*EXERCISE INPUT*
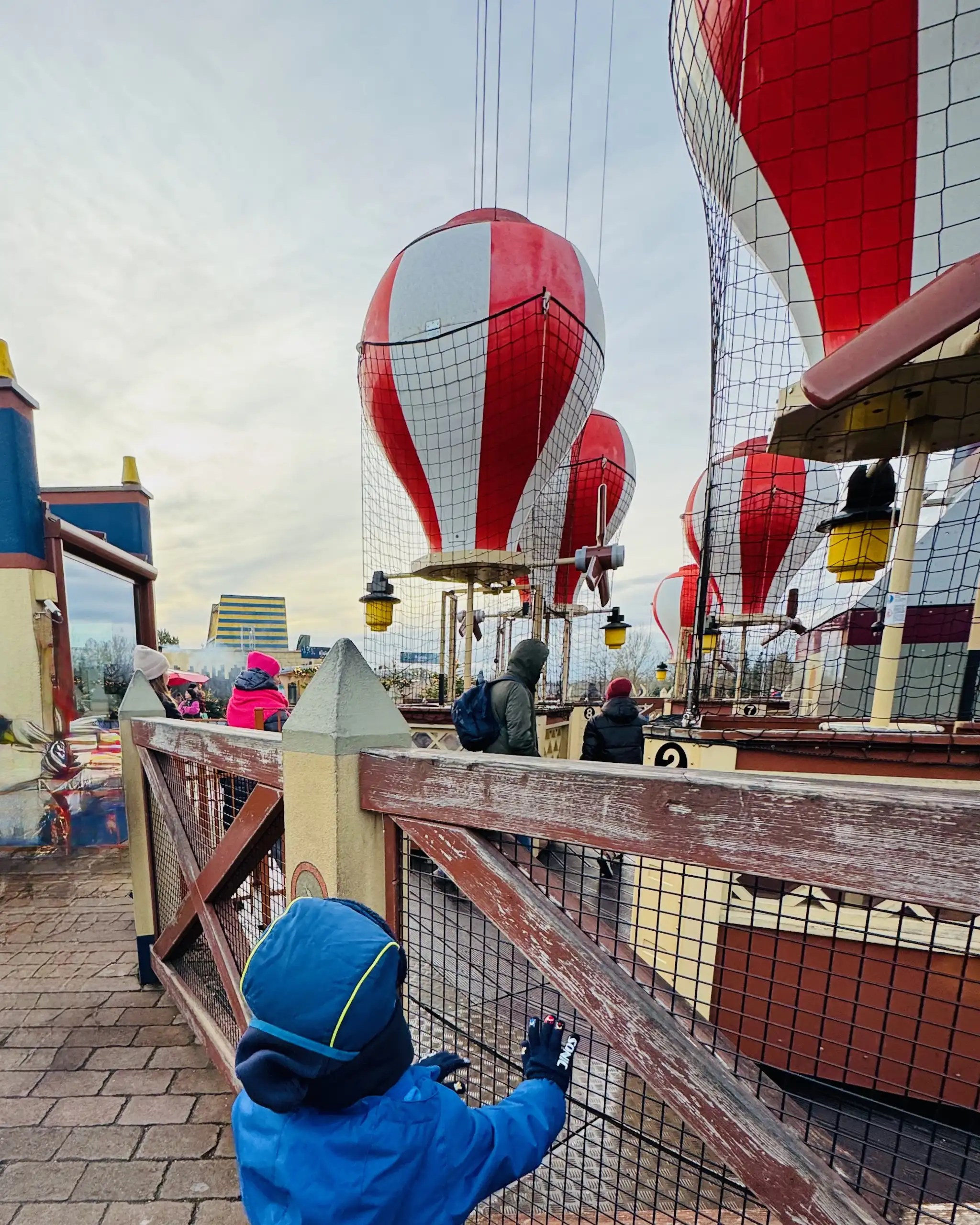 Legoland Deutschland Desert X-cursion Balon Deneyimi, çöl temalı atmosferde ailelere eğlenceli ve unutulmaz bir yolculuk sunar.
* * *
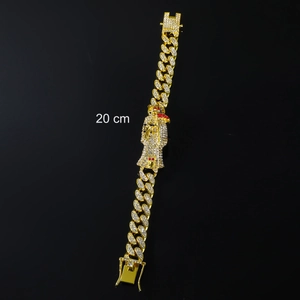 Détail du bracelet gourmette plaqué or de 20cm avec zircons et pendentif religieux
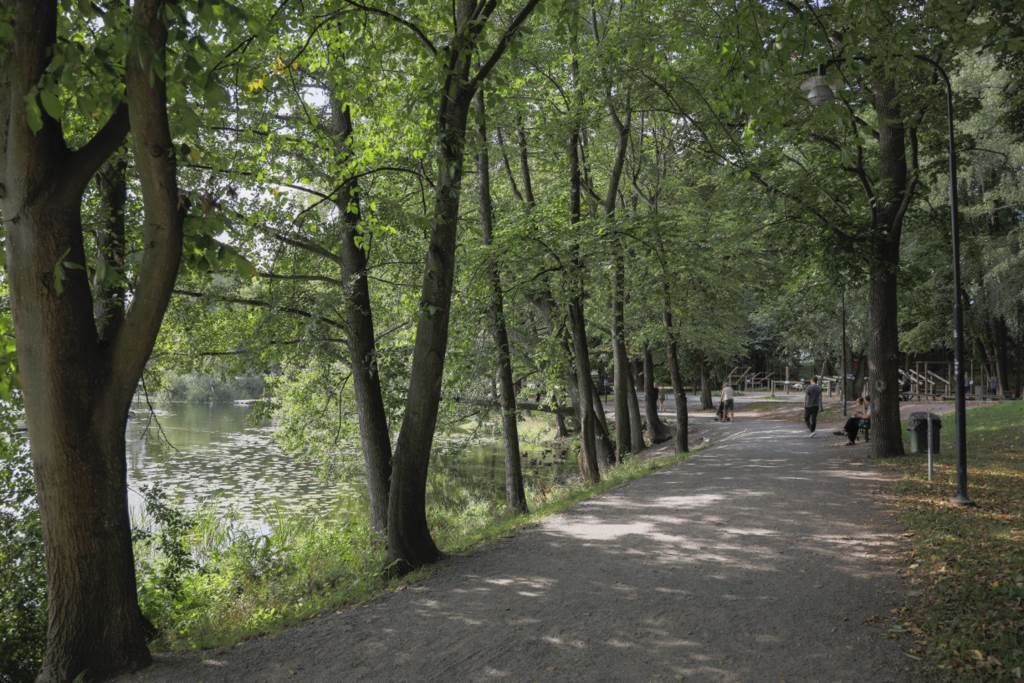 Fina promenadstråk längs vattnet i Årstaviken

*WORK INSTRUCTION*
No picture is to be printed. Output exactly the lines above from the line containing "Détail du bracelet" through the line containing "Fina promenadstråk längs".

*RESULT*
 Détail du bracelet gourmette plaqué or de 20cm avec zircons et pendentif religieux
 Fina promenadstråk längs vattnet i Årstaviken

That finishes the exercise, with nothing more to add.